Blinken en Asie centrale pour y renforcer l'empreinte des Etats-Unis

Le chef de la diplomatie américaine Antony Blinken se rend en Asie centrale en début de semaine, espérant renforcer l'empreinte des Etats-Unis dans les républiques ex-soviétiques. (AFP)
Le chef de la diplomatie américaine Antony Blinken se rend en Asie centrale en début de semaine, espérant renforcer l'empreinte des Etats-Unis dans les républiques ex-soviétiques. (AFP)
Short Url
Publié le Dimanche 26 février 2023

Blinken en Asie centrale pour y renforcer l'empreinte des Etats-Unis

  • Les Etats-Unis jouent, comme ailleurs en Afrique ou en Amérique latine, la carte du «partenaire fiable», capable de mettre sur la table d'autres choses que Moscou et Pékin
  • Le Kazakhstan, qui partage une frontière longue de quelque 7.500 kilomètres avec la Russie, est en première ligne au regard de sa relation complexe avec Moscou

WASHINGTON: Le chef de la diplomatie américaine Antony Blinken se rend en Asie centrale en début de semaine, espérant renforcer l'empreinte des Etats-Unis dans les républiques ex-soviétiques, prises en étau entre leur puissant voisin russe et l'influence grandissante de la Chine.

Quelques jours après le premier anniversaire de l'invasion russe en Ukraine, le secrétaire d'Etat américain se réunira mardi avec ses homologues des cinq républiques ex-soviétiques d'Asie centrale dans la capitale kazakhe, Astana. Il y aura également des entretiens bilatéraux puis se rendra en Ouzbékistan.

Washington ne se fait aucune illusion que ces cinq pays soient susceptibles de soudain se délester de leur partenaire historique russe ou encore de l'influence de leur autre puissant voisin, la Chine.

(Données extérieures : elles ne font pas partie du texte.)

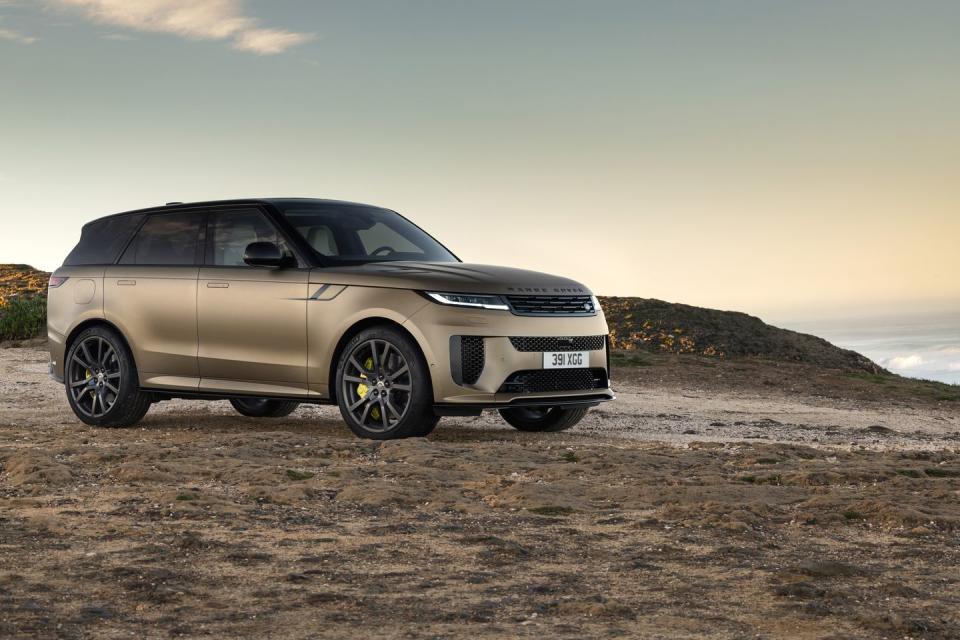 2024 land rover range rover sport sv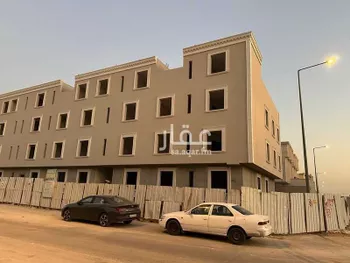 عمارة للإيجار في شارع رضي الدين الفاسي, حي العزيزية, مدينة الرياض, منطقة الرياض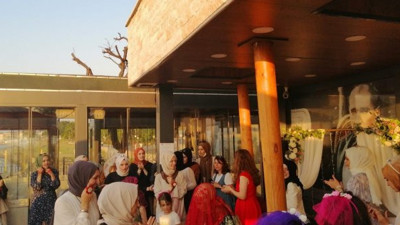 Atatürk’ün emaneti Yürüyen Köşk’te kına gecesi: Eski başkan isyan etti “Başka yer mi kalmadı”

Mais les Etats-Unis jouent, comme ailleurs en Afrique ou en Amérique latine, la carte du "partenaire fiable", capable de mettre sur la table d'autres choses que Moscou et Pékin.

"Nous avons des choses à offrir en termes d'engagement économique mais aussi en termes de valeurs", a fait valoir le plus haut diplomate en charge de l'Asie centrale au département d'Etat américain, Donald Lu.

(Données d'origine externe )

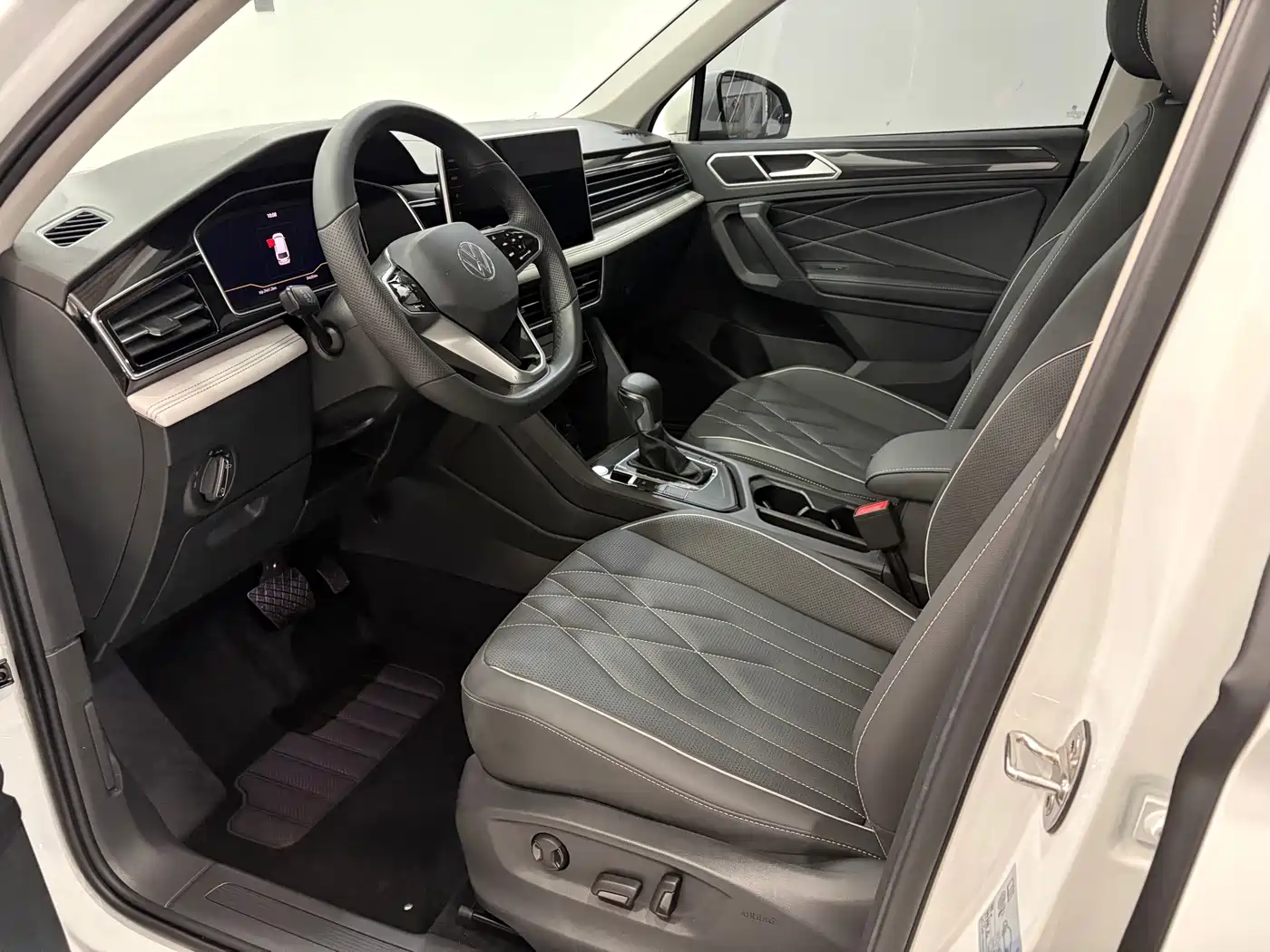 Volkswagen Tiguan L 2023 280TSI 2WD Trend Limited Edition фото 6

En pleine guerre en Ukraine, les dirigeants de ces pays d'Asie centrale sont sur la corde raide en raison d'accords de défense formels avec Moscou et du poids économique et sécuritaire de la Russie, et ont ainsi adopté une position d'équilibre dans le conflit.

Les cinq ex-républiques soviétiques (Kazakhstan, Ouzbékistan, Tadjikistan, Kirghizstan, Turkménistan) se sont abstenues ou n'ont pas pris part au vote jeudi à l'Assemblée générale de l'ONU sur une résolution réclamant le départ des troupes russes d'Ukraine.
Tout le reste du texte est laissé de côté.